Großpösna ist schon lange der neue Wunschpartner von Belgershain (die LVZ berichtete mehrfach). Beide Kommunen sind eher ländlich geprägt, liegen am großen Waldgebiet Oberholz und an der selben Bahnlinie. Nach dem ersten Anbändeln vor fast fünf Jahren gibt es seit drei Jahren auch einen kulturellen Austausch über den Kunst- und Handwerkverein „KuHstall“ Großpösna. Im Vorjahr hatte die Gemeinde schließlich ihre Bürger vor die Frage gestellt: Naunhof oder Großpösna? 57 Prozent hätten sich für eine Eingliederung von Belgershain nach Großpösna ausgesprochen, erklärte die Gemeinde danach. „Damit schlossen sich die Bürger dem Gemeinderat an, der diese Variante schon seit längerem favorisiert“, heißt es. Bei einem Zusammenschluss mit Großpösna stünden sich beide Gemeinden auf ‚Augenhöhe‘ gegenüber, da es beide ländliche Gemeinden seien, so die Begründung. Auch die Pro-Kopf-Verschuldung sei in Großpösna, ähnlich wie in Belgershain, niedriger als in Naunhof. Der dortige Amtsverweser Carsten Rottstädt – ein Bürgermeister wird Anfang Februar gewählt – lehnte gestern eine Stellungnahme zum Begehren aus Belgershain ab. Diese Woche sei kein Termin mehr möglich, erst ab nächsten Dienstag, hieß es.

Der Terminvorschlag ist wohl kein Zufall. Noch vor Weihnachten hatte der Belgershainer Gemeinderat einstimmig beschlossen, im entsprechenen Ausschuss die Zustimmung der an der Verwaltungsgemeinschaft beteiligten Orte Naunhof und Parthenstein zum Ausscheiden von Belgershain zu beantragen. Am Montag wollen die Gemeinderäte nun den nächsten Schritte gehen, erst den Grundsatzbeschluss zum Austritt aus der Verwaltungsgemeinschaft erklären, um danach den Grundsatzbeschluss zur Eingliederung nach Großpösna zu vollziehen. So sieht es die Tagesordnung der öffentlichen Gemeinderatssitzung vor, die um 19 Uhr im Sitzungssaal des Rathauses beginnt.

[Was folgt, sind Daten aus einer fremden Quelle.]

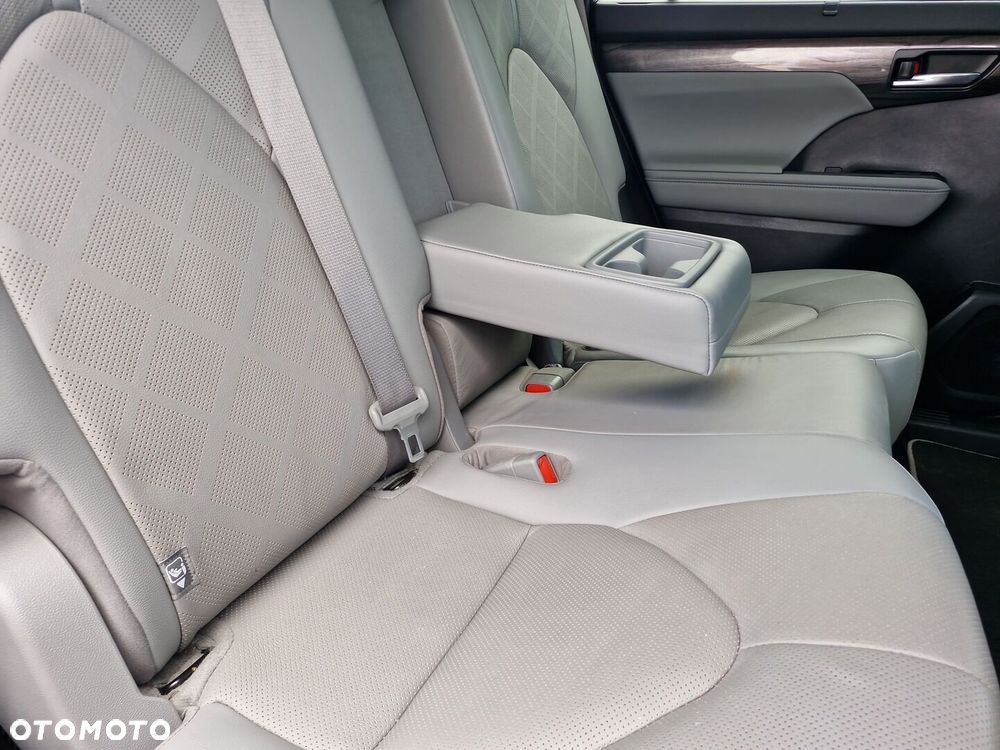 Toyota Highlander - 11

Zeitgleich beraten die Gemeinderäte von Großpösna über die Eingliederung des Ortes. Am Ausgang der lange vorbereiteten Entscheidung besteht kein Zweifel, Großpösna will größer werden – und muss es wohl auch, will es dauerhaft bestehen im Großraum Leipzig. Mit Belgershain käme der Ort dann auf knapp 9000 Einwohner. Der Landesentwicklungsplan sieht für Gemeinden im ländlichen Raum 5000 Einwohner als Mindestgröße vor, für Kommunen im Verdichtungsraum 8000.

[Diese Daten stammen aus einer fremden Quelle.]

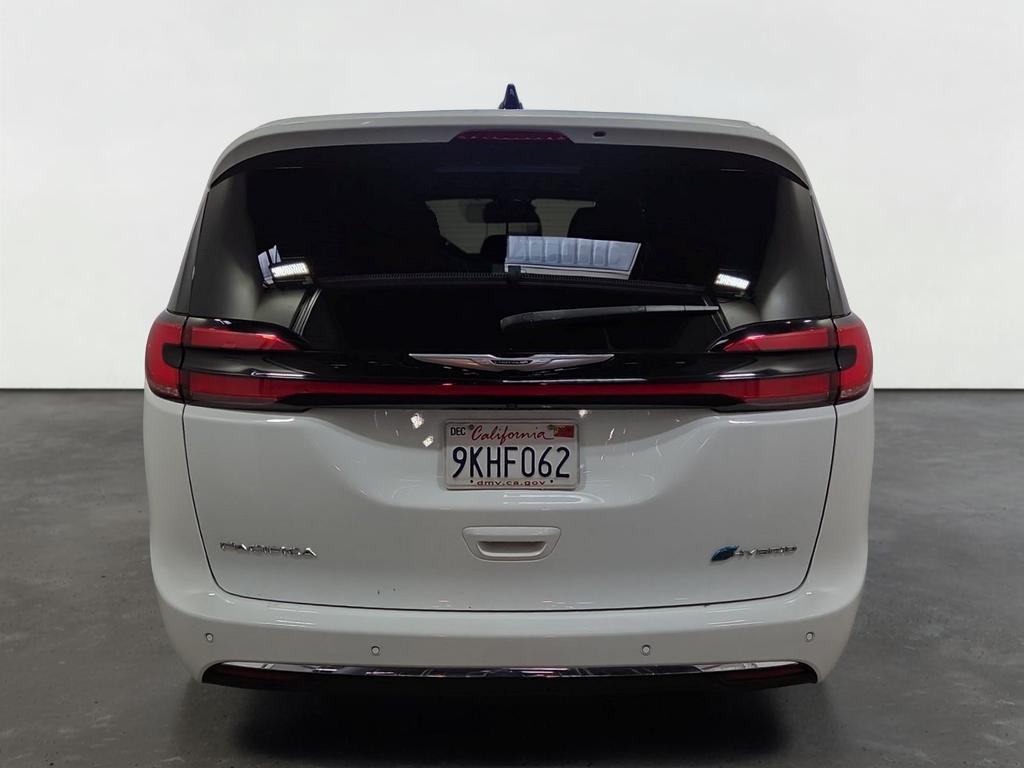2023 Chrysler Pacifica Hybrid Limited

Die Neugliederung entspreche den Kriterien des Freistaats über die Gebietsänderungen von Gemeinden und den „Grundsätzen für freiwillige Zusammenschlüsse für Gemeinden im Freistaat Sachsen“, heißt es in Großpösna. Mit der Eingliederung von Belgershain werde eine zukunftsfähige und verwaltungsstarke Gemeinde im ländlichen Raum des Landkreises Leipzig entstehen, verspricht Großpösna in seiner Beschlussvorlage.